In the dining room, which shares space with the living room, it is the linens, china, centerpiece and flowers that set the winter mood at the long 19th Century French table that seats 14. “I change them for every occasion,” Moss says. “This gives a personal touch to each meal.”

Perhaps the coziest room of the house is the master bedroom, where a French-style canopy bed, whose soothing stucco-color paisley-patterned fabric is punctuated by elaborate antique tiebacks,  “has arms that wrap around you,” Moss says. A sisal carpet, overlaid by a needlepoint rug, is as easy on the bare feet as it is on sleep-filled eyes.      
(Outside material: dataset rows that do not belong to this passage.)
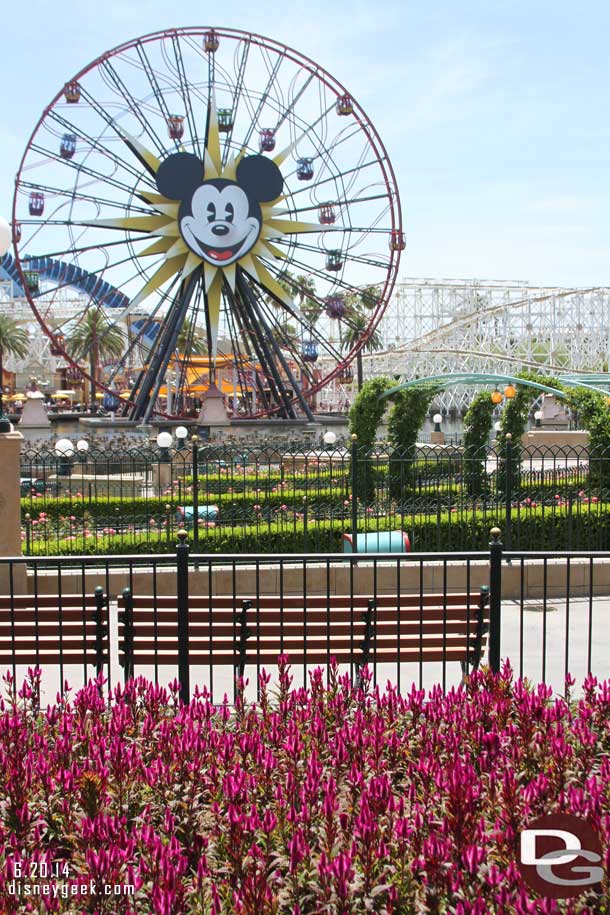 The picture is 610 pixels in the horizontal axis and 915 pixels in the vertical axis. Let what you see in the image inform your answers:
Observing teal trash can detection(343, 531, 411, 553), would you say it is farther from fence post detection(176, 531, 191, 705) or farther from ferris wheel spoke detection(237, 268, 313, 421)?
ferris wheel spoke detection(237, 268, 313, 421)

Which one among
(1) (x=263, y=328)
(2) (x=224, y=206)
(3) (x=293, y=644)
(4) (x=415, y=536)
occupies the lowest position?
(4) (x=415, y=536)

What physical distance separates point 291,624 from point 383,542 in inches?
211

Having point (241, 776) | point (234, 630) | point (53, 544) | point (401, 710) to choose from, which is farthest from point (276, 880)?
point (53, 544)

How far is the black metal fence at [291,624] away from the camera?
20.2ft

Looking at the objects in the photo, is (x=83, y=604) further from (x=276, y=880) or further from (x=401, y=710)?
(x=276, y=880)

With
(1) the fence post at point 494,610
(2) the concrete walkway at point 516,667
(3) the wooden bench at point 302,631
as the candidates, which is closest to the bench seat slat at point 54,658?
(3) the wooden bench at point 302,631

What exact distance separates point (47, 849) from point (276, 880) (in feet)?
3.09

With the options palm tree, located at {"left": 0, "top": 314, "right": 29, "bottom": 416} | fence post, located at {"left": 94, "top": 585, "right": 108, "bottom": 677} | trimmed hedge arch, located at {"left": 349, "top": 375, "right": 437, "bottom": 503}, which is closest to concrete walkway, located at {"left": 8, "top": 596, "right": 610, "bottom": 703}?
fence post, located at {"left": 94, "top": 585, "right": 108, "bottom": 677}

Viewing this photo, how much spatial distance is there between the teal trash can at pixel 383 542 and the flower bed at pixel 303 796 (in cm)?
658

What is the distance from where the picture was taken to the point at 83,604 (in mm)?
6254

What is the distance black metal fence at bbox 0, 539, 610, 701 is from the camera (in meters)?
6.16

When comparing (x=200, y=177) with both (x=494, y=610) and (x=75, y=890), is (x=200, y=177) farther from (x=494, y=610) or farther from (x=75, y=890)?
(x=75, y=890)

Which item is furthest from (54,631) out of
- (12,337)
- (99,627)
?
(12,337)

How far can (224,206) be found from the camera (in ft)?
120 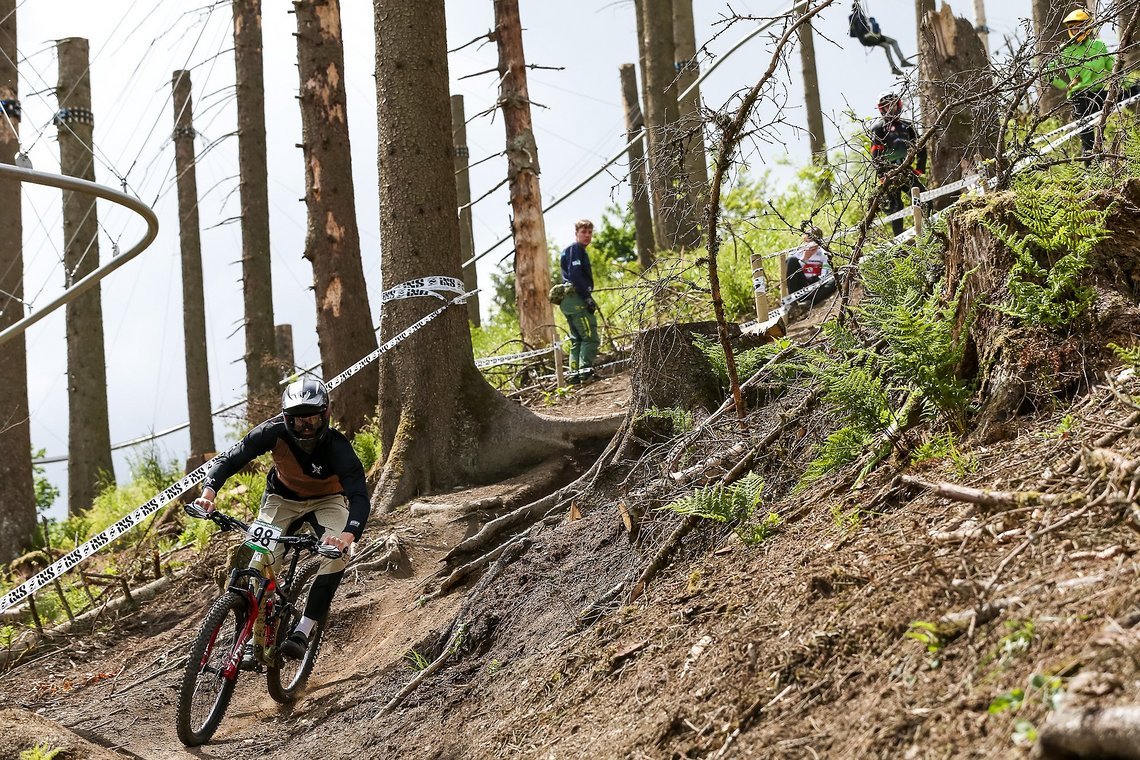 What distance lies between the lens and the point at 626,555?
6.49m

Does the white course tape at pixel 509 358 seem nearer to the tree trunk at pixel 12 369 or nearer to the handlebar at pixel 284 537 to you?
the tree trunk at pixel 12 369

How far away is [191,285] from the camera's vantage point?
2353 centimetres

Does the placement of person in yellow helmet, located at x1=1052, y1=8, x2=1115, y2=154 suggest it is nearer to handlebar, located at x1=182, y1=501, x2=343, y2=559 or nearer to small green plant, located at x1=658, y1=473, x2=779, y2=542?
small green plant, located at x1=658, y1=473, x2=779, y2=542

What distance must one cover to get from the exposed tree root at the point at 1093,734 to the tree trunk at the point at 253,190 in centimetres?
1735

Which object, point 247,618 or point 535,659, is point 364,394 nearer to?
point 247,618

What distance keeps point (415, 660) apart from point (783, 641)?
3.60 meters

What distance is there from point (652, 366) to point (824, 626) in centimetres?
443

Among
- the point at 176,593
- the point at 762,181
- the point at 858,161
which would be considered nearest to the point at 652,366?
the point at 858,161

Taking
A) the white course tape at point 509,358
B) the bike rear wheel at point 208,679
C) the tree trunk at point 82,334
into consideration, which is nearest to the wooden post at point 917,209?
the white course tape at point 509,358

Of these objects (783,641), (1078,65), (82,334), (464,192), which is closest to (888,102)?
(1078,65)

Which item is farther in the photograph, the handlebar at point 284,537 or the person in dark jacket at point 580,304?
the person in dark jacket at point 580,304

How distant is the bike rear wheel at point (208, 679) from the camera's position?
6.73 metres

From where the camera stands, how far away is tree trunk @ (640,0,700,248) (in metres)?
6.59

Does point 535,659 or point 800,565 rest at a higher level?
point 800,565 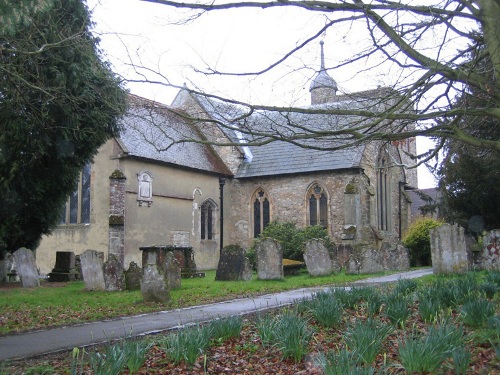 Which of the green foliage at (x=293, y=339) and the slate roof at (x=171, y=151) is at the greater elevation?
the slate roof at (x=171, y=151)

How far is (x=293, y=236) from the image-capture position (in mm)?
22500

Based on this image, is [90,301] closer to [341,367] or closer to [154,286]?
[154,286]

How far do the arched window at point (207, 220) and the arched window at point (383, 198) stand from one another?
8.60 metres

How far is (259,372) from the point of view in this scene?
16.3 feet

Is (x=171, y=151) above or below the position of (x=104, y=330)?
above

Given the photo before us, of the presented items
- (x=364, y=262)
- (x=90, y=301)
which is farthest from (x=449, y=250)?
(x=90, y=301)

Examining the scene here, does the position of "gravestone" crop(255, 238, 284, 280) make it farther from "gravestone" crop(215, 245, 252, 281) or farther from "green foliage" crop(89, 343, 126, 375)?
"green foliage" crop(89, 343, 126, 375)

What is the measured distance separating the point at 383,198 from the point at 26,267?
18891 mm

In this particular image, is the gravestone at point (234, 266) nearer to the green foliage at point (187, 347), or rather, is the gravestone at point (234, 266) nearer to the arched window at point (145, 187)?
the arched window at point (145, 187)

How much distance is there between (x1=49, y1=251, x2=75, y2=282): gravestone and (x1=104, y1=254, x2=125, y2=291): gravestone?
553 centimetres

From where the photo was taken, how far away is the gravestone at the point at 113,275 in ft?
43.9

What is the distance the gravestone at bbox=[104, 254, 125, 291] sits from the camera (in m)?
13.4

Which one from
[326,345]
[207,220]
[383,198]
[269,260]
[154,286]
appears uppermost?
[383,198]

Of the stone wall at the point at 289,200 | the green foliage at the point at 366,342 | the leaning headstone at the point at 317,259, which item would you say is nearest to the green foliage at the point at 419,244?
the stone wall at the point at 289,200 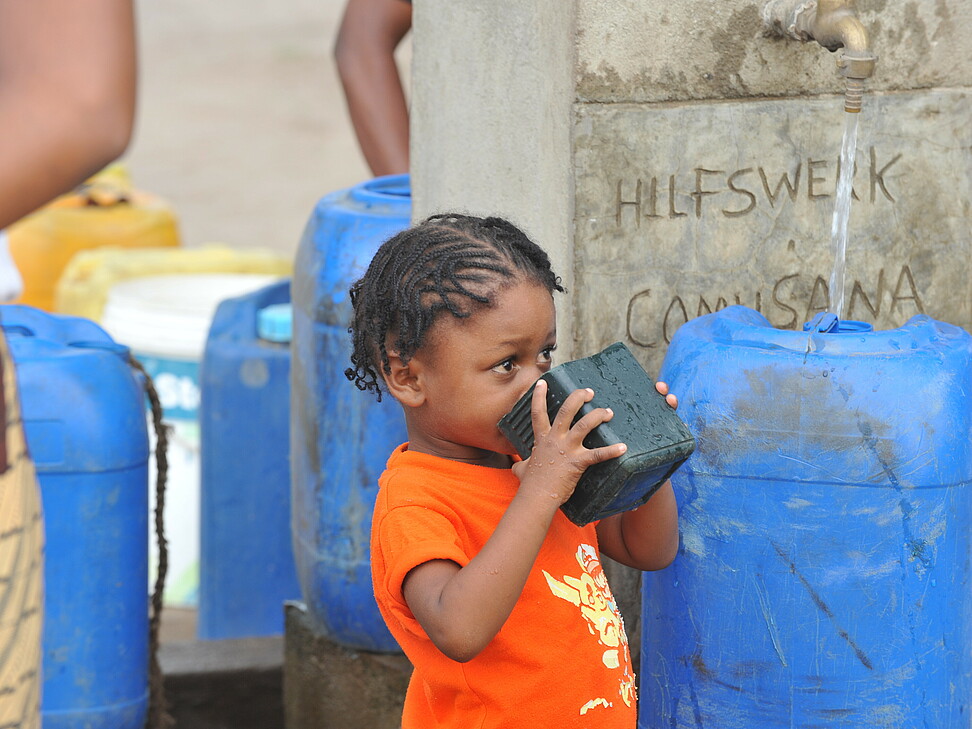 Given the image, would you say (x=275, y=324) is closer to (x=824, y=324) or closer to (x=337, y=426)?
(x=337, y=426)

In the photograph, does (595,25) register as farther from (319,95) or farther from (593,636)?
(319,95)

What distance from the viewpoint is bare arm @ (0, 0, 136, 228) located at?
1.14 m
While the winter house’s stone-stacked wall keeps the worries of the world at bay, the home is, Moss, says, made for family and friends as well as solitary pursuits. When the holidays come, so do the guests. Friedberg’s two grown sons bring their significant others, and Moss’ siblings and their children settle in.

Sometimes, they pop corn and watch TV; sometimes they head to the kitchen,  where they chat as Moss prepares what she calls simple “kitchen-sink” fare like piping hot chili and crusty mouth-watering bread served with a bottle of wine. Other times, everyone congregates in the game room to try their hands at billiards, cards, chess or Scrabble.    

But the house has been known to come out of hibernation for long periods. Moss says the season wouldn’t be complete without her annual all-girls pajama party, and Friedberg and his grown sons often use the house as a weekend retreat whose main purpose is what Moss calls “Dad bonding time.”

Moss loves to add little winter touches to make all of her guests feel at home. She fills the guest rooms with bouquets of fresh-cut flowers and evergreens and lights candles in spicy scents like fig or pine. “A winter house is a state of mind,” she says. “You don’t have to have a separate house to get the feel. You just have to think about your house in a fresh way, even if that means just rearranging the furniture. It all boils down to hospitality.”

Hospitality in Moss’ winter house includes making each guest room special. “First of all, I decide who to put in each room,” she says. “I may put my nieces in the room with the twin beds so they can gab. Or I may put all the boys on one floor and all the girls on another. Then I go through each room, look at the books and select the ones that I feel each guest will want to read.”

But for guests to really feel at home, so must the host, and that’s why Moss so loves her Aspen house right down to its strap-hinged shutters and antique porch pillars. Playing the hostess is as spontaneous as the season’s first snowfall, the one that makes Moss rush outdoors with her tongue out and savor the ice-silvery flakes that melt in her mouth.

Regardless of where she and Friedberg are or what they are doing, Moss says that the most important thing, whether it is winter or summer or in between, is “that we are all together.”